In a September 28 letter to new FMCSA Administrator Robin Hutcheson, OOIDA President and CEO Todd Spencer calls for the agency to provide an update on a broker transparency petition filed in May 2020.
In the petition, OOIDA requests that FMCSA require brokers to provide an electronic copy of each transaction record automatically within 48 hours after the contractual service has been completed, and to prohibit explicitly brokers from including any provision in their contracts that requires a motor carrier to waive its rights to access the transaction records.
The petition asked FMCSA to work to close loopholes in the existing rule 49 CFR § 371.3 which requires brokers to keep records of transactions with motor carriers and grants each party involved in the transaction the right to review the records. Currently OOIDA says that many carriers sign contracts with brokers that waive Part 371.3 requirements because doing so is a prevalent industry practice. Additionally, many brokers who do technically provide transaction records install hurdles so that carriers will likely never manage to actually see the records.
“OOIDA’s recommendations to enhance compliance with [49 CFR § 371.3] are not attempts to control rates or impose burdensome requirements, but would simply ensure that motor carriers have access to documents they have the right to view,” Spencer said.

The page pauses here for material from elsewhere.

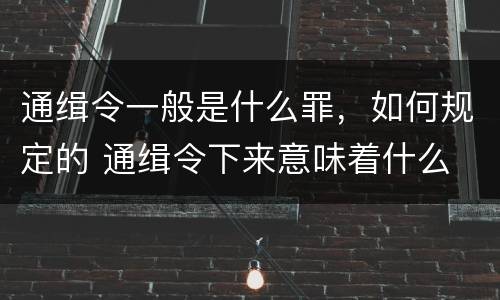 通缉令一般是什么罪，如何规定的 通缉令下来意味着什么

Since OOIDA filed the petition in the spring of 2020, the FMCSA has held listening sessions and accepted public comment on broken transparency issues, but the agency has not provided any update on the petition since the public comment period ended.
Spencer said that more than 1500 public comments were received on petitions related to freight broker transparency.
For truckers who took the time to file comments and share their experience, it is frustrating when they feel as if their voices aren’t being heard or properly considered. Especially with regard to an issue involving transparency, FMCSA’s lack of public progress further undermines carriers’ confidence in a system that is supposed to protect them and be responsive to their legitimate and appropriately expressed concerns.
Listening to our members, we know that improving broker transparency remains a top priority for small-business motor carriers. While their concerns may intensify during more challenging economic times, there is constant frustration caused by brokers skirting federal transparency requirements without recourse. As conditions in the trucking industry change, and more carriers face challenges, we can assure you that FMCSA and others in the federal government will continue to hear about the lack of broker transparency from small-business truckers.
For three weeks in May 2020, a group of truckers protested on Constitution Avenue in Washington D.C. asking for relief from plummeting freight rates and unfair broker practices. Their message made its way all the way to then-President Trump, who Tweeted in support of truckers and went so far as to say that truckers are being “price gouged” by brokers.
The Washington D.C. protest activities ended shortly after trucking representatives Mike Landis and Sergey “C.J.” Karman met with Mullen and White House Chief of Staff Mark Meadows at the White House to ask for increased broker transparency.